Cool, so distinct works as expected since we see only 1 row printed. But this example kind of sucks as the value is blank. Lets just do another example:

 Campaign.
  select("name")
SELECT "campaigns"."name"
FROM "campaigns"
+----+------+
| id | name |
+----+------+
|    | soup |
|    |      |
|    | foo  |
|    | foo  |
|    | foo  |
|    | foo  |
+----+------+
Campaign.
  select("distinct name")
SELECT distinct name 
FROM "campaigns"
+----+------+
| id | name |
+----+------+
|    | foo  |
|    | soup |
|    |      |
+----+------+

Cool again. distinct has narrowed down the results so each row is has a unique campaigns.name

Scenario 2

Lets add more columns to the output:

Organization.
  select('distinct user_defined_status, credits')
SELECT distinct user_defined_status, credits 
FROM "organizations"
+----+---------------------+---------+
| id | user_defined_status | credits |
+----+---------------------+---------+
|    |                     | 101.0   |
|    |                     | 0.0     |
+----+---------------------+---------+

In the output above you can see that each row is unique.
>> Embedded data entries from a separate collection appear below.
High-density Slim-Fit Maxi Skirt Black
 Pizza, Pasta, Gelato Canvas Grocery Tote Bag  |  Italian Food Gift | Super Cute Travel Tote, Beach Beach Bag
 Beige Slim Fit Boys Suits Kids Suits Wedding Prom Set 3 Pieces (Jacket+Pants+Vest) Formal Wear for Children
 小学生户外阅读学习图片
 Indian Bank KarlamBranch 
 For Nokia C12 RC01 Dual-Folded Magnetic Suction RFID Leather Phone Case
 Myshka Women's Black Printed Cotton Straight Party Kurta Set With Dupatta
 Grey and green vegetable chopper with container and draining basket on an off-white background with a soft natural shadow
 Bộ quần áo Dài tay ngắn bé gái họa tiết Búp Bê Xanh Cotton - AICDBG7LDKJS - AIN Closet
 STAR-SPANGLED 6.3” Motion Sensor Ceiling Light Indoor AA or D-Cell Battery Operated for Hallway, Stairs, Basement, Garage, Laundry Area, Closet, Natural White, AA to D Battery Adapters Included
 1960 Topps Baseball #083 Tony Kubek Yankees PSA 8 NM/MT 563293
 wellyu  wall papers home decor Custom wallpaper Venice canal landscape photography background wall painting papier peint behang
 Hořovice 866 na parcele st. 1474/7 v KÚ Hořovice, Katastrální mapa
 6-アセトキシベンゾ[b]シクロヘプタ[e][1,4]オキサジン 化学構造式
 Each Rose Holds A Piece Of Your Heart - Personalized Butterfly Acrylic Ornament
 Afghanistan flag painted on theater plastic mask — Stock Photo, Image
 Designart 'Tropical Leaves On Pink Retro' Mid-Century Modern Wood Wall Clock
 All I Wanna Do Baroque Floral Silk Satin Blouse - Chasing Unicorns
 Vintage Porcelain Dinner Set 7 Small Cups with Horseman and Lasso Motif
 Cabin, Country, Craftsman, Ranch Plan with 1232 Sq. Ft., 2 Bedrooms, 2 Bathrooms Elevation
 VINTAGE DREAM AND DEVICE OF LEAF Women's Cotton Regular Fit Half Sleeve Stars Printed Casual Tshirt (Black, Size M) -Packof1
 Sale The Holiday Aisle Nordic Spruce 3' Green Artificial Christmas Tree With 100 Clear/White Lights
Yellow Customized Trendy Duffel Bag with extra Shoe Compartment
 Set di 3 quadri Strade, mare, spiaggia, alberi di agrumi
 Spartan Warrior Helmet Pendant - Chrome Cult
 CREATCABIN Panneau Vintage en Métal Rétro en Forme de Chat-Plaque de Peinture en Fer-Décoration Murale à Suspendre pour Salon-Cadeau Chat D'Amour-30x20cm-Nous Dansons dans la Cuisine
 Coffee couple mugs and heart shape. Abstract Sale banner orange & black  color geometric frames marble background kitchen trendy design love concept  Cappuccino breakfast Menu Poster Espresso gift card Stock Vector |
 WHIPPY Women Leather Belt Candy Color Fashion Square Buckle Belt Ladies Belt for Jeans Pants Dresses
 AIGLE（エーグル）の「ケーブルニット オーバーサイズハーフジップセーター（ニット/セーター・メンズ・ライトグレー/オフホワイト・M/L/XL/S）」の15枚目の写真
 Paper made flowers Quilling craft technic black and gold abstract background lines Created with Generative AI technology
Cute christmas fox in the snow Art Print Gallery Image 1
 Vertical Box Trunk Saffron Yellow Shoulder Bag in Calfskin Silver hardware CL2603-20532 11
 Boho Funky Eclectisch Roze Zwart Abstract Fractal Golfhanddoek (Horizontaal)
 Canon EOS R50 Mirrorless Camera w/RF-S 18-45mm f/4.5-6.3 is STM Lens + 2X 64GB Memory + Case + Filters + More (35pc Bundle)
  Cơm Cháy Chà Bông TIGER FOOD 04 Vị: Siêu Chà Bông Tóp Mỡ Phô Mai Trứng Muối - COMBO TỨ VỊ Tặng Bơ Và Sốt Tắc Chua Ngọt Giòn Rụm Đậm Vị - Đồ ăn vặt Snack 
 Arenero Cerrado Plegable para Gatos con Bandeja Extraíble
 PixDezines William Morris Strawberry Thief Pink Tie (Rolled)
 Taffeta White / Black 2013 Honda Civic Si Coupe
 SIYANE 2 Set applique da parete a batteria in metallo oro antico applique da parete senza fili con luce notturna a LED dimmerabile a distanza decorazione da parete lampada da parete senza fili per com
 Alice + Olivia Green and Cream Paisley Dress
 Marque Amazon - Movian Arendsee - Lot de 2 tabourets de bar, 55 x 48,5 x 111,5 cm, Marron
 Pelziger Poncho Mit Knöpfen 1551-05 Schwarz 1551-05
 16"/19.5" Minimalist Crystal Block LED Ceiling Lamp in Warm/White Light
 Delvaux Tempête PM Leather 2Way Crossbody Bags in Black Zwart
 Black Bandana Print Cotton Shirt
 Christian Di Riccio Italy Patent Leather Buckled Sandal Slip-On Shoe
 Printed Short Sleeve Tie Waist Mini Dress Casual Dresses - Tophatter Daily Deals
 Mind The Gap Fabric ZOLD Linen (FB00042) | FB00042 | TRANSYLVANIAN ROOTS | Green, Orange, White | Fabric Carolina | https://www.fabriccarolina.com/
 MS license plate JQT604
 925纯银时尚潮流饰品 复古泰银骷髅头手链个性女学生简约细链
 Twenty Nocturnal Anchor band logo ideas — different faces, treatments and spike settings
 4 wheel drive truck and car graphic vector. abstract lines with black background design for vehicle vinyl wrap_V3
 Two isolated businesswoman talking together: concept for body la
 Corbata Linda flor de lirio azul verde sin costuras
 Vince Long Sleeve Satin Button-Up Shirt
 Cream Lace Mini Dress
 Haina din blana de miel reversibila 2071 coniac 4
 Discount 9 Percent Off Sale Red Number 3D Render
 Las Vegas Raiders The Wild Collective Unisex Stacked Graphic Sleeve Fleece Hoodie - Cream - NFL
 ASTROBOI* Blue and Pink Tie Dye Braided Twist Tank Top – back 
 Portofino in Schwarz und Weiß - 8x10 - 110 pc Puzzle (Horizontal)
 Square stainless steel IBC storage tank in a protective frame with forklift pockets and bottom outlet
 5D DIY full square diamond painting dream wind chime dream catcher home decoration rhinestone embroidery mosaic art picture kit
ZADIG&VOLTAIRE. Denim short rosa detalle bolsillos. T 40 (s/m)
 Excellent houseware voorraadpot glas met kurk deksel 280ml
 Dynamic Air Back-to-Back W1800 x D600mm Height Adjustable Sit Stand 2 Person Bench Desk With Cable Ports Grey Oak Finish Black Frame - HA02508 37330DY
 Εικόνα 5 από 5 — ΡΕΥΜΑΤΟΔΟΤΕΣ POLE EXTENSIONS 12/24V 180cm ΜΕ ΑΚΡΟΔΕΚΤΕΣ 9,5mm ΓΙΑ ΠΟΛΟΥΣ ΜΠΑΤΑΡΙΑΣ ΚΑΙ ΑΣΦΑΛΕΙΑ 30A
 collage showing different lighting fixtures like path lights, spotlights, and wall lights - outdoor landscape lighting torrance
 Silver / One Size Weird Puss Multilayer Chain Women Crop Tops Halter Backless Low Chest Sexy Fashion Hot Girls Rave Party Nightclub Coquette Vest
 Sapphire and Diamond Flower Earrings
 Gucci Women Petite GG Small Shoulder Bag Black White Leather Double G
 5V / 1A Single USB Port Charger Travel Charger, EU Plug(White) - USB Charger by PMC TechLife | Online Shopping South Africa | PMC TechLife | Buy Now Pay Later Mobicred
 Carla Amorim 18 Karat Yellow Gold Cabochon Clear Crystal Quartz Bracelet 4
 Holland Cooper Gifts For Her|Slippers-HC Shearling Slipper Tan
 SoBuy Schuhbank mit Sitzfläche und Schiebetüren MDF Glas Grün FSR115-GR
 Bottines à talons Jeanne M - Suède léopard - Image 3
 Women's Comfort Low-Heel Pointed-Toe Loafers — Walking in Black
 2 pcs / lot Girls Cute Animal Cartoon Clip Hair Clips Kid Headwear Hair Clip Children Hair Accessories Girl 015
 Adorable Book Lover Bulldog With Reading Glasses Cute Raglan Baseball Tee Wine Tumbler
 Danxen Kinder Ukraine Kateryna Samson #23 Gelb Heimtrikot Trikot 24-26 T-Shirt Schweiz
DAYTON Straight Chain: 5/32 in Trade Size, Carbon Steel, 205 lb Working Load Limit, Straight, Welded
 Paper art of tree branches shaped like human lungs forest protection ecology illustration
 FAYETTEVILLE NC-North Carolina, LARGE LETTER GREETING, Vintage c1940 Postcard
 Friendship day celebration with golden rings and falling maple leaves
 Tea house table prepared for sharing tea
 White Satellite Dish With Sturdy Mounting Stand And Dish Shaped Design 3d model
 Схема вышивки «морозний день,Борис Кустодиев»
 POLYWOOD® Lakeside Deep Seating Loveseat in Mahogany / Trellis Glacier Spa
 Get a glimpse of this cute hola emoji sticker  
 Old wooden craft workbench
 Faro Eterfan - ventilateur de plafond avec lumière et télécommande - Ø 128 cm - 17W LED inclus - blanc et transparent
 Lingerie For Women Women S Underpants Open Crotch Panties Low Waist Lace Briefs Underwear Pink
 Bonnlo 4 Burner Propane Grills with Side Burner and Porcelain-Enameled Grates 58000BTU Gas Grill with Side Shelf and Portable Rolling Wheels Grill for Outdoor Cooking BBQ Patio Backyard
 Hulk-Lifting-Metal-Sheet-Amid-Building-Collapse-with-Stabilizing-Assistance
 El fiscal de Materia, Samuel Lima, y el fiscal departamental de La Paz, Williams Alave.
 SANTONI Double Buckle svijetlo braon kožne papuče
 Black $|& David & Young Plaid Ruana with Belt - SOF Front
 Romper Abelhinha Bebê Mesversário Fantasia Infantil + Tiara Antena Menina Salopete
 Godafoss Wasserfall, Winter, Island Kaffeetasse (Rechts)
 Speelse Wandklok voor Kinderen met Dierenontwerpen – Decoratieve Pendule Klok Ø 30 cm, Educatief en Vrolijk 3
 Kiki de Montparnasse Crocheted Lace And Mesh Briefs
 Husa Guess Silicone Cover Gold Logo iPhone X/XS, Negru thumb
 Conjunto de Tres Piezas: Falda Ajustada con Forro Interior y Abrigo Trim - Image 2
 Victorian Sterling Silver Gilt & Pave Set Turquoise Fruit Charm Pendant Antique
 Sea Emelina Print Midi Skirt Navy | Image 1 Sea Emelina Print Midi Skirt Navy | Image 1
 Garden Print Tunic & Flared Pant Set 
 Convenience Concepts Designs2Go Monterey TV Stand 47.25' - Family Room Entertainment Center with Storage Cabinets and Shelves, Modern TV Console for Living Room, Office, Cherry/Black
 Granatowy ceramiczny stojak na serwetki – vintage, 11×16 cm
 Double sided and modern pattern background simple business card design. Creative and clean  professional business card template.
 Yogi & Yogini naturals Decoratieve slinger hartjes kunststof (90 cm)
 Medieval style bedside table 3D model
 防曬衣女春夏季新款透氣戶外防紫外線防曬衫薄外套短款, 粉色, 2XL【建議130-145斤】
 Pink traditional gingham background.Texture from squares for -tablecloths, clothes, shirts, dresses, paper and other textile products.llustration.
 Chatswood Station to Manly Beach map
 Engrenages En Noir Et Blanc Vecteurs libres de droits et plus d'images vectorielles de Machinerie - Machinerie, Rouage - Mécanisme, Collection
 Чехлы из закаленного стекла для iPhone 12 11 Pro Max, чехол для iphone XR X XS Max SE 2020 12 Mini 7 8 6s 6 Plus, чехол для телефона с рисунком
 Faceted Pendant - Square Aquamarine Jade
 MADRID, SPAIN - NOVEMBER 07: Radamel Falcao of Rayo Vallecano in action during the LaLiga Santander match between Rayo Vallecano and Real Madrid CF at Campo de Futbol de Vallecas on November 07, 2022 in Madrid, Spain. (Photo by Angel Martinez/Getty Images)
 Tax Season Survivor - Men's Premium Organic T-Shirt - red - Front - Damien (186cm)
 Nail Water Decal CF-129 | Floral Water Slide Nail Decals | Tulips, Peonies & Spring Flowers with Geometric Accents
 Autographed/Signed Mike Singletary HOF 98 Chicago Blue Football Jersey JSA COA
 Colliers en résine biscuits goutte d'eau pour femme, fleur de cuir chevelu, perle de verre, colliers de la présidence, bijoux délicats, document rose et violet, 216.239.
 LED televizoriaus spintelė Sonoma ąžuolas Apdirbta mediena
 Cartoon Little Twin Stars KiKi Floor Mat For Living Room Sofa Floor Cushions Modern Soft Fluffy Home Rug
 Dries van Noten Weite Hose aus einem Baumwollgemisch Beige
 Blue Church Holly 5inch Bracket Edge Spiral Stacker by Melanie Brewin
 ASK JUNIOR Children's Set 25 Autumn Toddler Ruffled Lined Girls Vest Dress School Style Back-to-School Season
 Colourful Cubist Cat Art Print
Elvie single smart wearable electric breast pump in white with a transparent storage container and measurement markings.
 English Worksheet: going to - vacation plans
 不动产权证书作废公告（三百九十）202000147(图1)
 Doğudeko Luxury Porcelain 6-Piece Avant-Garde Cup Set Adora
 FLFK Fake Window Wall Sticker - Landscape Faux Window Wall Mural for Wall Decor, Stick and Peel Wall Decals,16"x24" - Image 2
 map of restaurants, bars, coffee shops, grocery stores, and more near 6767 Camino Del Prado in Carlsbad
Lets add parenthesis around user_defined_status and see if makes rows unique by just that column or does it still look at all columns.

Organization.
  select('distinct(user_defined_status), credits')
SELECT distinct(user_defined_status), credits 
FROM "organizations"
+----+---------------------+---------+
| id | user_defined_status | credits |
+----+---------------------+---------+
|    |                     | 101.0   |
|    |                     | 0.0     |
+----+---------------------+---------+

So we can see adding parenthesis around a column made no difference to the distinct command. Both rows are printed even though they both have the same value of nil for user_defined_status.

Scenario 3

Lets add a join and see if distinct works as expected or does it go bonanza

Organization.
  joins(:campaigns).
  select("organizations.id as org_id, campaigns.name as camp_name").
  order("organizations.id, campaigns.name")
 SELECT organizations.id as org_id, campaigns.name as camp_name 
 FROM "organizations" 
 INNER JOIN "campaigns" ON "campaigns"."organization_id" = "organizations"."id" 
 ORDER BY organizations.id, campaigns.name
+----+--------+-----------+
| id | org_id | camp_name |
+----+--------+-----------+
|    | 1      | foo       |
|    | 1      | foo       |
|    | 1      | soup      |
|    | 2      | foo       |
|    | 2      | foo       |
|    | 2      |           |
+----+--------+-----------+

In the output above we can see that each organization has 3 campaigns, so we got a total of 6 rows. Lets add distinct to this query and see what we get. What we should get are distinct rows and not unique organizations or campaigns.

Organization.
  joins(:campaigns).
  select("distinct organizations.id as org_id, campaigns.name as camp_name").
  order("organizations.id, campaigns.name")
 SELECT distinct organizations.id as org_id, campaigns.name as camp_name 
 FROM "organizations" 
 INNER JOIN "campaigns" ON "campaigns"."organization_id" = "organizations"."id" 
 ORDER BY organizations.id, campaigns.name
+----+--------+-----------+
| id | org_id | camp_name |
+----+--------+-----------+
|    | 1      | foo       |
|    | 1      | soup      |
|    | 2      | foo       |
|    | 2      |           |
+----+--------+-----------+

So here we can see distinct working again. It removed 2 rows, as the values were producing duplicate rows. Note here, even though distinct worked and removed duplicate rows, we have 2 rows for organization 1, and 2 rows for organization 2. Before we had 3, but now have 2. 2 is better than 3, but what if we want only 1 row per organization. What if the task is to print 1 row per organization with any 1 campaign name it has?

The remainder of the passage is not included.